2022-02-08 12:16:41.113 UTC [10581] LOG:  all server processes terminated; reinitializing
2022-02-08 12:16:41.139 UTC [10802] LOG:  database system was interrupted; last known up at 2022-02-08 12:15:51 UTC
2022-02-08 12:16:41.251 UTC [10802] LOG:  database system was not properly shut down; automatic recovery in progress
2022-02-08 12:16:41.252 UTC [10802] LOG:  redo starts at 0/165E6E8
2022-02-08 12:16:41.252 UTC [10802] LOG:  invalid record length at 0/165E720: wanted 24, got 0
2022-02-08 12:16:41.252 UTC [10802] LOG:  redo done at 0/165E6E8
2022-02-08 12:16:41.262 UTC [10581] LOG:  database system is ready to accept connections

It should be noted this behaviour is not guaranteed linux behaviour: what happens in the background is that linux runs out of virtual memory, which triggers the OOM killer, which evaluates process memory usage, and kills the the process with the largest RSS, adjusted by OOM adjustment (I did not research this down the linux kernel code, corrections welcome).
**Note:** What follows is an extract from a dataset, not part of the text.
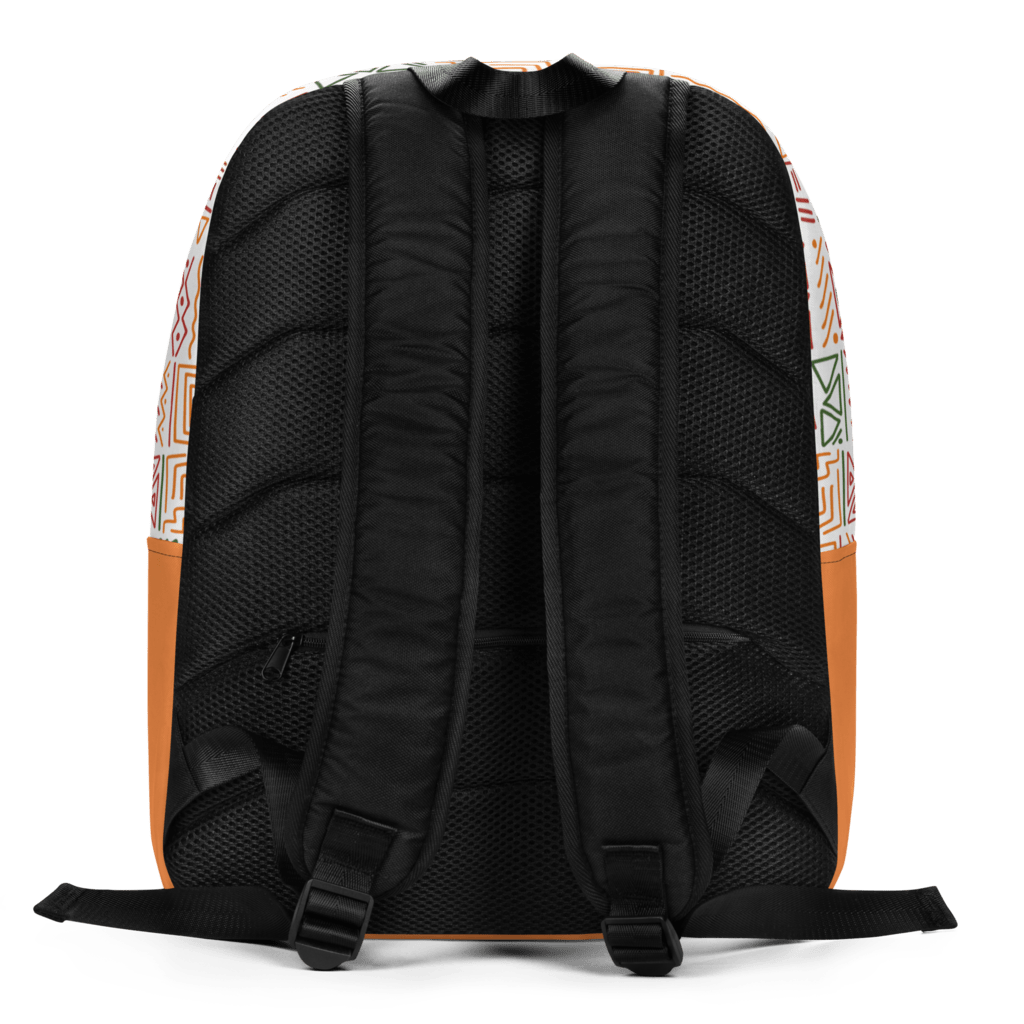 A minimalist backpack with an African print design, featuring a white background with geometric patterns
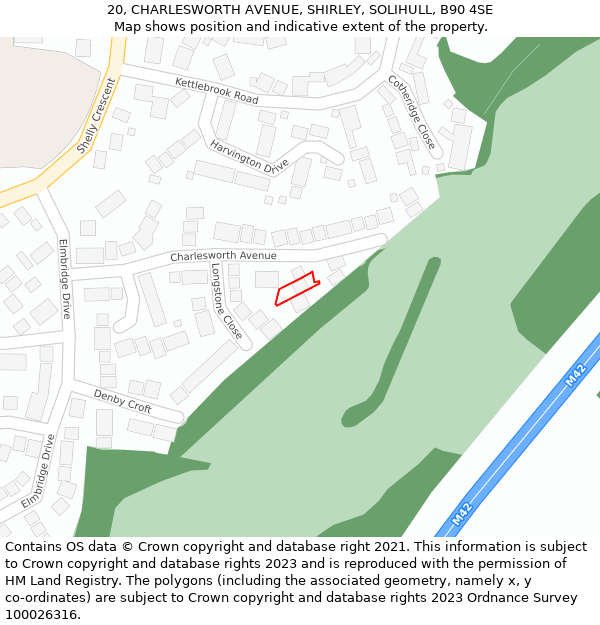 20, CHARLESWORTH AVENUE, SHIRLEY, SOLIHULL, B90 4SE: Location map and indicative extent of plot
This means that if PostgreSQL is not the only major consumer of memory, or if multiple PostgreSQL database are running, the OOM killer can potentially pick another process than the allocating backend process.

When vm.overcommit_memory is set to 2, this becomes different; this is what happens then the memory_filler.sql anonymous code block is run:

postgres=# \i memory_filler.sql
psql:memory_filler.sql:10: ERROR:  out of memory
DETAIL:  Failed on request of size 16384 in memory context "expanded array".
CONTEXT:  PL/pgSQL function inline_code_block line 7 at assignment

And this is visible in the PostgreSQL general logfile:

TopMemoryContext: 79496 total in 6 blocks; 8944 free (6 chunks); 70552 used
  Operator lookup cache: 24576 total in 2 blocks; 10760 free (3 chunks); 13816 used
  CFuncHash: 8192 total in 1 blocks; 560 free (0 chunks); 7632 used
  Rendezvous variable hash: 8192 total in 1 blocks; 560 free (0 chunks); 7632 used
...further memory allocation details
  MdSmgr: 8192 total in 1 blocks; 7264 free (0 chunks); 928 used
  LOCALLOCK hash: 8192 total in 1 blocks; 560 free (0 chunks); 7632 used
  Timezones: 104120 total in 2 blocks; 2624 free (0 chunks); 101496 used
  ErrorContext: 8192 total in 1 blocks; 7936 free (5 chunks); 256 used
Grand total: 2563990888 bytes in 156012 blocks; 242296 free (134 chunks); 2563748592 used
2022-02-08 12:27:05.659 UTC [10817] ERROR:  out of memory
2022-02-08 12:27:05.659 UTC [10817] DETAIL:  Failed on request of size 16384 in memory context "expanded array".
2022-02-08 12:27:05.659 UTC [10817] CONTEXT:  PL/pgSQL function inline_code_block line 7 at assignment
2022-02-08 12:27:05.659 UTC [10817] STATEMENT:  do $$
    declare
     filler text[];
     counter int:=0;
    begin
     loop
      filler[counter] := repeat('0123456789',1638);
      counter:=counter+1;
     end loop;
    end $$;

There is no escalation that triggers database wide backend restarts: the backend runs into an out of memory error, and simply fails.